Martina dell’Osbel si racconta

IO E LE PIETRE CHE INCONTRO

Sentirle, accoglierle, accarezzarle. Quando faccio questo con le pietre, mi accorgo che posso davvero entrare in connessione con loro e con tutto ciò che mi circonda. Il percorso poi per arrivare all’equilibrio è qualcosa di magico, irripetibile e singolare. Cambia il luogo e cambiano le energie, i profumi, le sensazioni.

Quando arrivo in un posto dapprima mi lascio accompagnare dalla visione dell’ambiente: osservo gli alberi, l’acqua, le pietre. Nella loro diversità mi accolgono ed entrano in contatto con parti profonde di me. Il rapporto con le pietre è qualcosa di surreale delle volte. Sono vive, hanno una loro energia, una loro storia. Basti pensare a quante cose vede una pietra: magari partita in alta montagna, e reduce, quando arriva tra le mie mani, da un percorso travagliato. Piccole cascate, scontri con altre pietre, incastri con altri materiali; un viaggio di esperienze e di contatti.

Ecco che quando le prendo in mano, sento che c’è altro oltre al contatto e a quello che vedo. C’è altro perché ogni cosa è ricca di significati intrinsechi. Accoglierle, sentirle, rispettale e poi, a volte, pulirle nell’acqua prima di metterle in equilibrio: un passaggio che permette una pulizia; una sorta di lavoro di purificazione che aumenta la connessione tra me e loro. 

Dopo questo passaggio, il momento più meditativo: la ricerca dell’equilibrio. Una fase che non dev’essere disturbata dalla ragione, poiché è semplicemente necessario farsi guidare da loro. Sento davvero di diventare un mezzo, un tramite. Giocando con loro e lasciando uscire la mia parte bambina ecco che arriva, a volte inaspettatamente, l’equilibrio. 

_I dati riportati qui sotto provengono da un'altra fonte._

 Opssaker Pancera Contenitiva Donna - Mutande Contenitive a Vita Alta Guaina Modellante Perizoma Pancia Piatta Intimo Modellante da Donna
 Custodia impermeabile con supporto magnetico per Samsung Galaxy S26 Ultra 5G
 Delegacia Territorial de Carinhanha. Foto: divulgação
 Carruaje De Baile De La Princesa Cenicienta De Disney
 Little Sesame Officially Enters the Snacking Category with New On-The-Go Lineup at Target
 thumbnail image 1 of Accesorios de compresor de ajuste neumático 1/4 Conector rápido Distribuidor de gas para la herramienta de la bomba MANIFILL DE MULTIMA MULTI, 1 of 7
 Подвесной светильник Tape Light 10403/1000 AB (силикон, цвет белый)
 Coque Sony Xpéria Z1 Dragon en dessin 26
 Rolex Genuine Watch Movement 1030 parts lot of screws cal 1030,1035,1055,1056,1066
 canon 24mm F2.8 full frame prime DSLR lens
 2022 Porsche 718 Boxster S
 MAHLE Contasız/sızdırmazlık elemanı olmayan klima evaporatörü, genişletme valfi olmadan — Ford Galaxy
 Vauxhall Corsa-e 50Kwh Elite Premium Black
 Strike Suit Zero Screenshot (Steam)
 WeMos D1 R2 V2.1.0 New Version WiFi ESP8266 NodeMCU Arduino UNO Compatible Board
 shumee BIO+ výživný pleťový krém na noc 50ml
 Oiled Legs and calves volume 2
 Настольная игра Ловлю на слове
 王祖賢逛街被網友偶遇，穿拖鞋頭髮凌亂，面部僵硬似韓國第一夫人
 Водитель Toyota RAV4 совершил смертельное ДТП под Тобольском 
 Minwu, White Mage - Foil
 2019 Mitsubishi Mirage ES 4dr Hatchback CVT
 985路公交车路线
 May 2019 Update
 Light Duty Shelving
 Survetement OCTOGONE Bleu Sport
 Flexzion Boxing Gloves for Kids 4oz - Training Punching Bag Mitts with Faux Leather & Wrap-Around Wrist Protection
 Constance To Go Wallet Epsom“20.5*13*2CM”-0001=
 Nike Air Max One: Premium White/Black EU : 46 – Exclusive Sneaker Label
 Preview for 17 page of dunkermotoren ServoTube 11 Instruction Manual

Devo poi ammettere che le pietre mi mettono sempre davanti al concetto di “impermanenza”: un aspetto che sottolinea come ogni cosa sia transitoria. Mi concentro, impiego ogni parte di me per giungere ad un ascolto profondo ed infine arriva l’equilibrio delle pietre che ho tenuto tra le mani. Un percorso, questo, che contiene molteplici significati e possibili riflessioni. La bellezza di raggiungere l’equilibrio è qualcosa di inebriante, che ogni volta mi mette davanti all’inevitabile impermanenza di ogni fenomeno.